>>
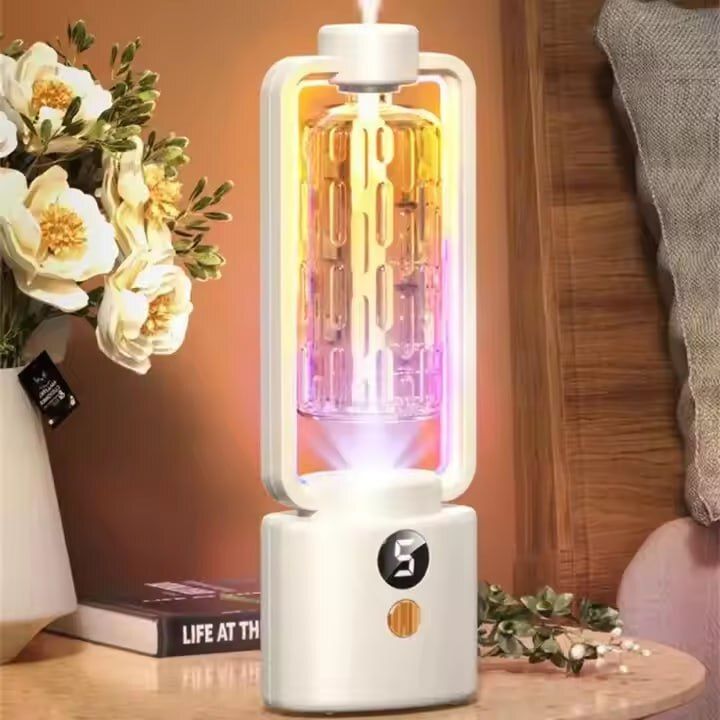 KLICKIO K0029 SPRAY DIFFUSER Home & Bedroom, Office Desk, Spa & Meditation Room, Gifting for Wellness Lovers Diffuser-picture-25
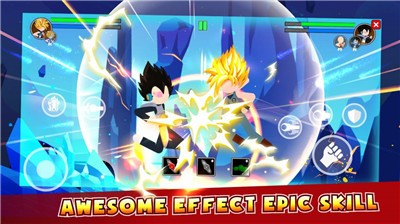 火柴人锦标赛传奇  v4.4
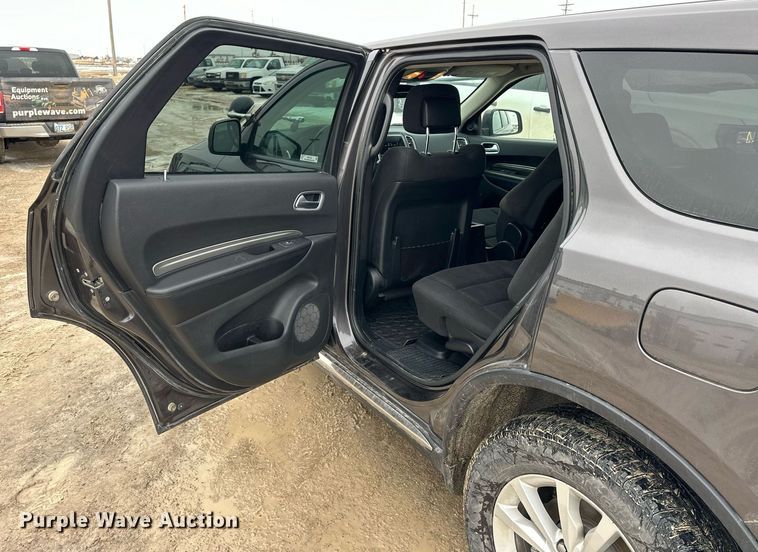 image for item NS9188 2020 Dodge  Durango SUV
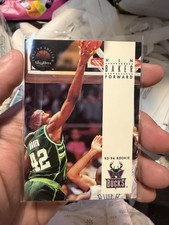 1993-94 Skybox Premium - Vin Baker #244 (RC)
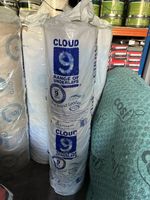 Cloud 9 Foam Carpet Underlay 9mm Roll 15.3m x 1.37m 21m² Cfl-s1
<<
>>
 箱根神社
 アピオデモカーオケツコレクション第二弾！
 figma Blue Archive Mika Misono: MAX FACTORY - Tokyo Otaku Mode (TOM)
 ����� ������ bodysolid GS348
<<
*ACTIVITY*: From the material above, give again exactly the lines from the one that contains "KLICKIO K0029 SPRAY" through the one that contains "Cloud 9 Foam", and leave out the pictures.

*EXPECTED OUTPUT*:
 KLICKIO K0029 SPRAY DIFFUSER Home & Bedroom, Office Desk, Spa & Meditation Room, Gifting for Wellness Lovers Diffuser-picture-25
 火柴人锦标赛传奇  v4.4
 image for item NS9188 2020 Dodge  Durango SUV
 1993-94 Skybox Premium - Vin Baker #244 (RC)
 Cloud 9 Foam Carpet Underlay 9mm Roll 15.3m x 1.37m 21m² Cfl-s1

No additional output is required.